Subtitle C of MAP-21, which as enacted in 2012, requires DOT to implement initiatives to accelerate the delivery of projects funded by FHWA and the Federal Transit Administration (FTA). These initiatives may include advancing the use of best practices, expanding early acquisition of property prior to completion, using the construction manager/general contractor method of contracting, and establishing a relocation streamlining demonstration program. DOT developed a plan with 42 actions to meet these Subtitle C requirements.
In 2015, Congress enacted the Fixing America’s Surface Transportation Act (FAST Act) (Pub. L. 114-357), which reauthorized and altered some of the MAP-21 initiatives, and includes project deliverables for the Federal Railroad Administration (FRA).
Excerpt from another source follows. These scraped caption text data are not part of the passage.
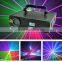 1W Animation RGB disco light / stage laser light / lights laser
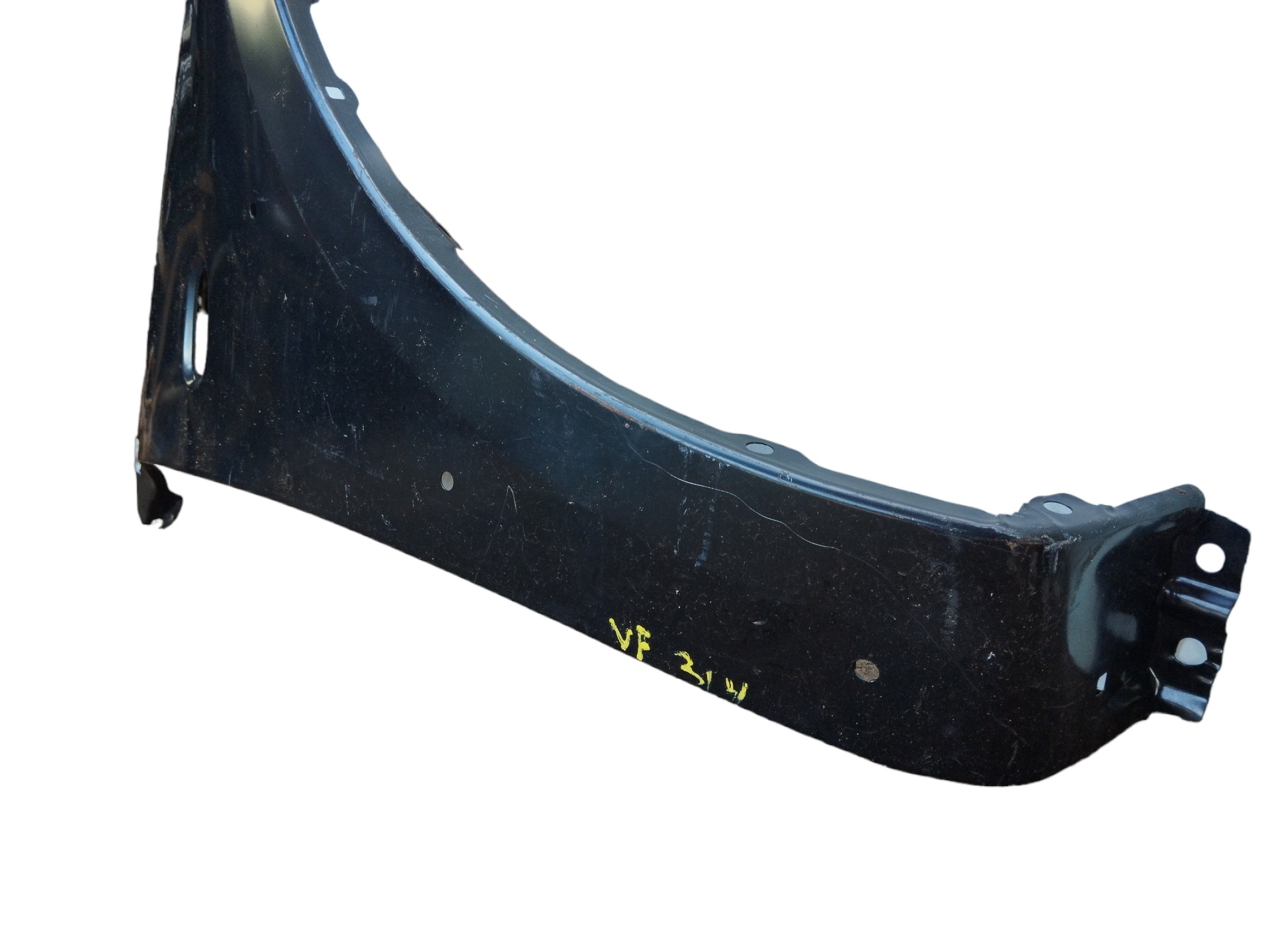 Paralama L/d Toyota Hilux 2005 A 2011 Paralelo C/furo 4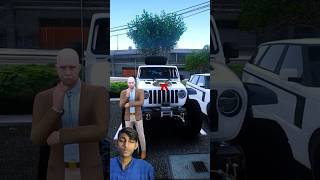 DUGGAN BOSS CHALLENGE MICHAEL FOR TUG OF WAR WITH NEW MAHINDRA THAR shortsvideo gta5 [upl. by Anerdna432]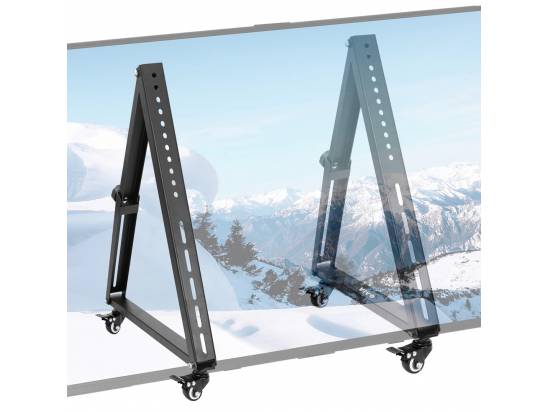 VIVO Low Height Mobile TV Stand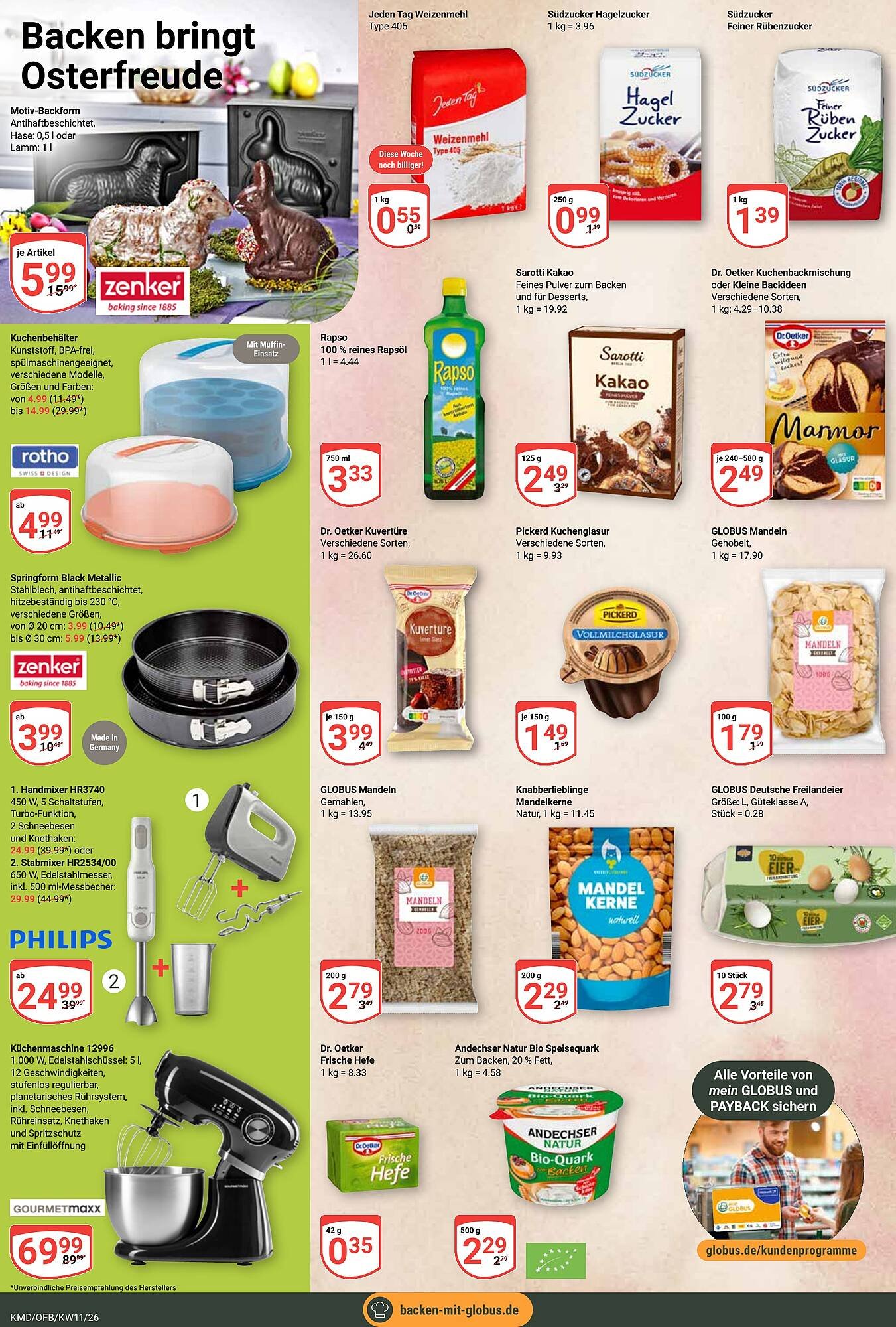 Globus Prospekt (2026-03-09 - 2026-03-14)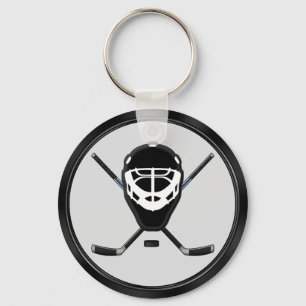 Customizable Cheap Hockey Gifts Hockey Keychains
Subtitle C of MAP-21 requires the OIG to assess DOT’s implementation of these initiatives by issuing an initial and final report to Congress. It sent the initial report in May 2013 discussing DOT’s 42 planned actions, and now the OIG has submitted a final report providing the status of these actions.
The OIG determined that DOT has completed 27 of its 42 planned actions under Subtitle C, which included the issuance of rulemakings, guidance and reports. However, DOT had to delay full implementation of these actions as many had to be revised to comply with the FAST Act. DOT is altering 19 of the planned actions, including 10 of the 27 actions it already completed under MAP-21. The FAST Act affects four of the nine mandated rules it planned under MAP-21.
“These delays could impact [DOT’s] ability to achieve the intended benefits under MAP-21 initiatives, such as accelerating project delivery and reducing the costs of transportation projects,” the OIG explained, adding that DOT “faces vulnerabilities in its implementation of certain planned actions for Subtitle C.”
Among these vulnerabilities includes FHWA’s lack of: (1) an application for project applicants to show that their projects are eligible for an increased share of federal funds; (2) a performance assessment of states that assume environmental review responsibilities; and (3) a defined documentation process for reports to Congress on the use of categorical exclusions.